A nation prospers through the productivity and well-being of its people. Productivity, in turn, demands innovation in industry, coordination among individuals and swift, accessible forums for conciliation when disputes arise.
The law provides the framework and norms that guide these interactions. When those norms falter, the judiciary steps in to surgically smooth frictions and offer reassurance with precision and authority.
Our courts are meant to protect the pedestrian on her way home, safeguard the citizen’s right to pursue her profession in peace and preserve harmony in our markets - with equal rigour. An efficient, transparent and accountable judiciary is, therefore, a sine qua non of a modern democracy.
Lawyers and scholars often endlessly quibble over the qualitative side of justice. Assessments of fairness, impartiality and judicial independence are commonplace. The quantitative side of law and the legal system, however, remains poorly understood and inadequately studied. Questions such as: How long will my case take? When will my first hearing be? How often will I be summoned? rarely feature in discussions on reform, despite their central importance.
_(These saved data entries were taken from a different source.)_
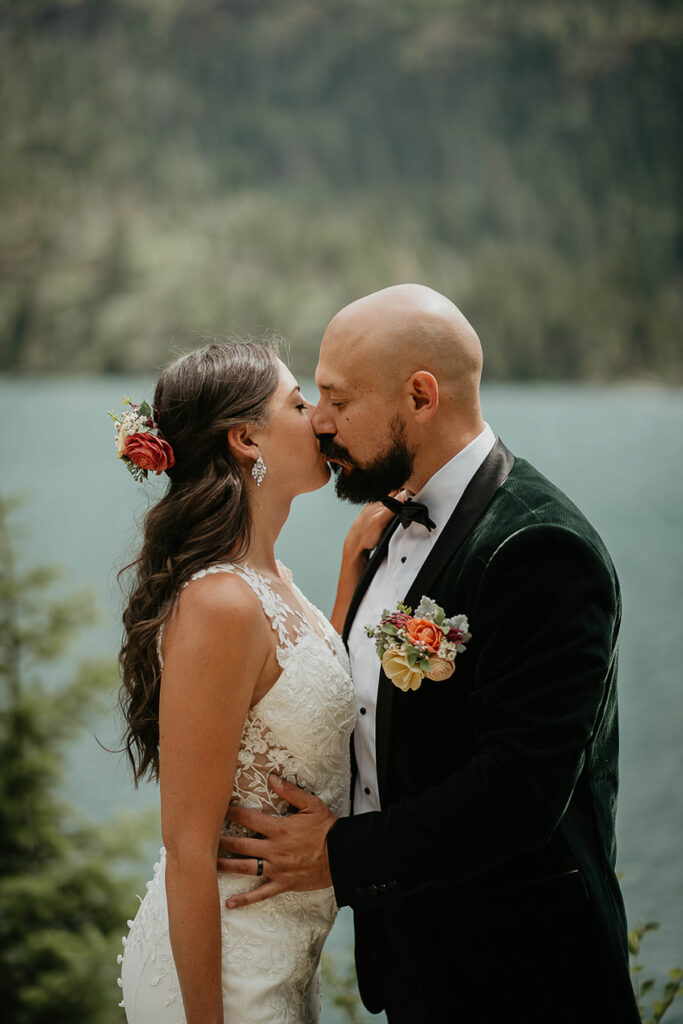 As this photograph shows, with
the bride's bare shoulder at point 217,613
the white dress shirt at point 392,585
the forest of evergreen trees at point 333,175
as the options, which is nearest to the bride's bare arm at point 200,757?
the bride's bare shoulder at point 217,613

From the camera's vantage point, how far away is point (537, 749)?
156cm

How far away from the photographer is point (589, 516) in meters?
6.45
We often say that justice delayed is justice denied, but can we put that delay into numbers?
This is where efficiency comes in.
Imagine you’ve ordered a custom-made garment from a tailor. Before placing the order, you’d like to know how long it will take. You’d expect clarity about your first fitting, the number of times you’ll have to visit and updates as the stitching progresses. If the tailor finishes on time, with minimal inconvenience and consistent quality, you’d call that efficient service.
Now replace the tailor with the court and your garment with your case. You, the litigant, want to know how long your dispute will take to resolve, when you’ll first appear before a judge and how many times you’ll have to return before reaching a final order. Courts, like service providers, must deliver outcomes in a reasonable time frame, minimising inconvenience while maintaining fairness.
In the context of the judiciary, efficiency refers to how effectively courts handle and resolve cases, minimising delay while maintaining quality in the decision-making process.
A court’s efficiency can be observed through measurable indicators that stand out in the public data available on our court website. These metrics tell us how swiftly a case moves from filing to disposal and how much effort that journey demands from litigants.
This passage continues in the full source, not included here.